Kritik zu Kneecap
Rich Peppiatt erzählt die nur zum Teil erfundene Geschichte einer echten nordirischen Band, die gälisch rappt – vor dem Hintergrund des Kampfes um die Anerkennung der irischen Sprache in Nordirland
Ein junger Mann sitzt in einem Verhörraum der nordirischen Polizei und gibt vor, kein Englisch zu sprechen. Wild fluchend äußert er sich auf Gälisch und weiß, dass ihn allein schon deshalb niemand belangen wird, weil es keiner der Anwesenden versteht. Die irische Sprache ist im britischen Norden zwar nicht mehr verboten, aber von einer wirklichen Anerkennung noch weit entfernt.
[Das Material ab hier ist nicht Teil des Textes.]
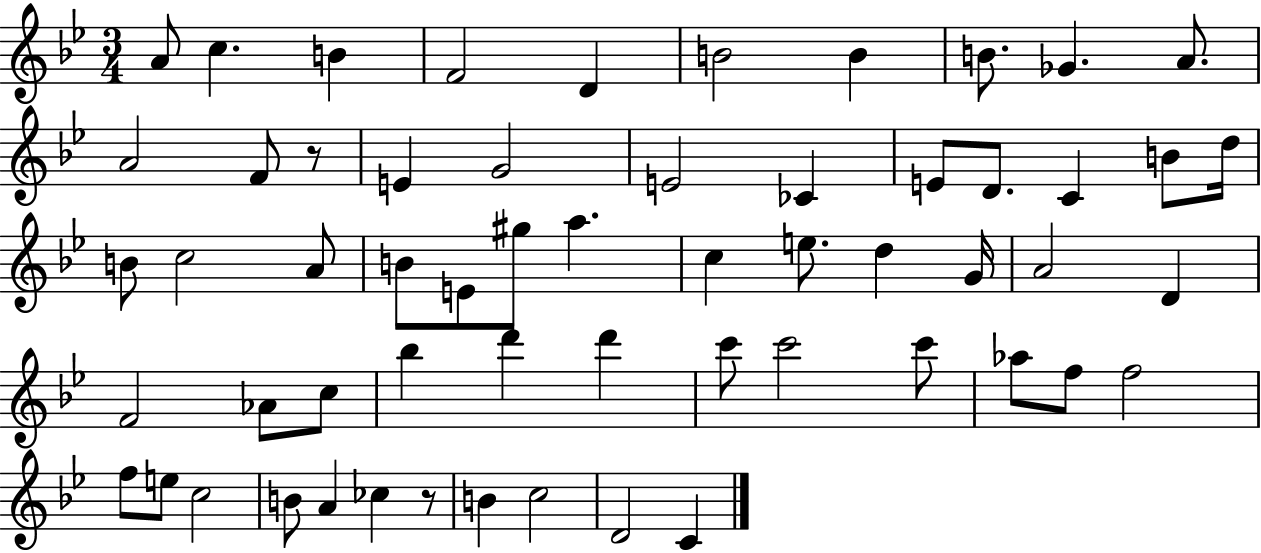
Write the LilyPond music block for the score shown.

{
  \clef treble
  \numericTimeSignature
  \time 3/4
  \key bes \major
  a'8 c''4. b'4 | f'2 d'4 | b'2 b'4 | b'8. ges'4. a'8. | \break a'2 f'8 r8 | e'4 g'2 | e'2 ces'4 | e'8 d'8. c'4 b'8 d''16 | \break b'8 c''2 a'8 | b'8 e'8 gis''8 a''4. | c''4 e''8. d''4 g'16 | a'2 d'4 | \break f'2 aes'8 c''8 | bes''4 d'''4 d'''4 | c'''8 c'''2 c'''8 | aes''8 f''8 f''2 | \break f''8 e''8 c''2 | b'8 a'4 ces''4 r8 | b'4 c''2 | d'2 c'4 | \break \bar "|."
}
Dennoch wird ein Irischlehrer aus dem Bett geklingelt und begibt sich in die für beide Seiten völlig absurde Situation eines Dolmetschers des Widerstands. Denn anders als in den sogenannten Gaeltacht der Republik Irland, wo es eventuell noch Menschen geben mag, die sich nicht auf Englisch äußern können, ist das im Norden unmöglich. Hier ist Englisch die einzige anerkannte Amtssprache, und jeder, ob er will oder nicht, wächst damit auf. Um so größer die Freiheit für eine gälischsprachige Rap-Band, die sich in drastischen Sex und Drogen verherrlichenden Reimen äußert und dazu den stürmischen Applaus ihrer Fans erntet. »Drei Konsonanten und ein Vokal«, rappen die drei und meinen damit zweifelsfrei MDMA.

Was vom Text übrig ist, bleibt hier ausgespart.